▶ _Goal of the exercise_
Find the line with "Bart Mask MOC Brickheadz" in the entries below, then reproduce it and every line after it down to and including the line with "Flomasters STABILO Pen", exactly.

▶ _Source data_

#####

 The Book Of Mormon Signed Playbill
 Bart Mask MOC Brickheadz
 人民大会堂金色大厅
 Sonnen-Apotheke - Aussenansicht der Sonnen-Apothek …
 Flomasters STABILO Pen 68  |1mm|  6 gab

#####

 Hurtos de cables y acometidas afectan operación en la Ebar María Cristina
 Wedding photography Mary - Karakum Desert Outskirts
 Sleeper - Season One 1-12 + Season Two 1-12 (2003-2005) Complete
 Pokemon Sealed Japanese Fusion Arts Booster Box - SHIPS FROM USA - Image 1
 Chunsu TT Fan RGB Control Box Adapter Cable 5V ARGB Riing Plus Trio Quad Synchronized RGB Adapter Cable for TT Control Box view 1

#####

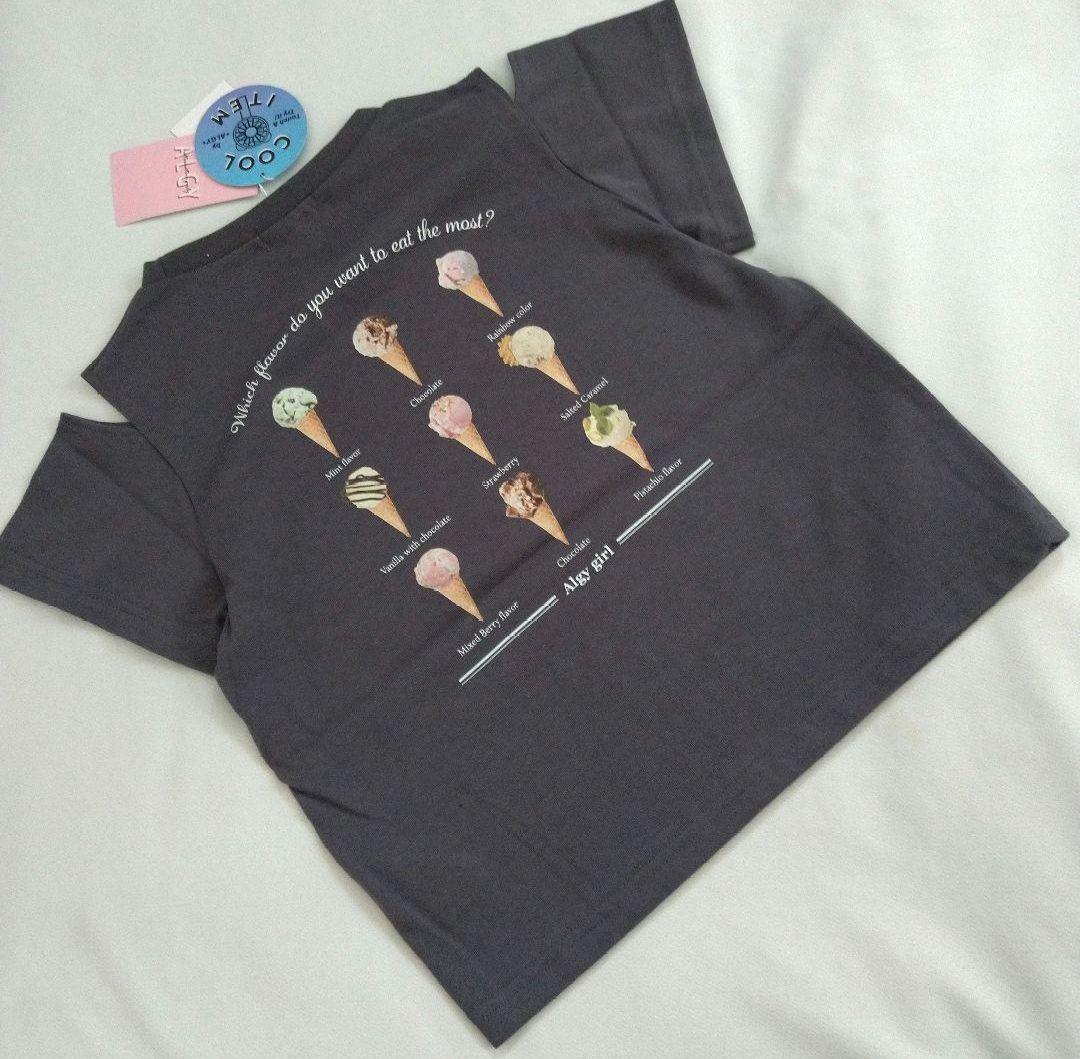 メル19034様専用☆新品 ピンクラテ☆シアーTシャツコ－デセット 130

#####

▶ _Answer to the exercise_
 Bart Mask MOC Brickheadz
 人民大会堂金色大厅
 Sonnen-Apotheke - Aussenansicht der Sonnen-Apothek …
 Flomasters STABILO Pen 68  |1mm|  6 gab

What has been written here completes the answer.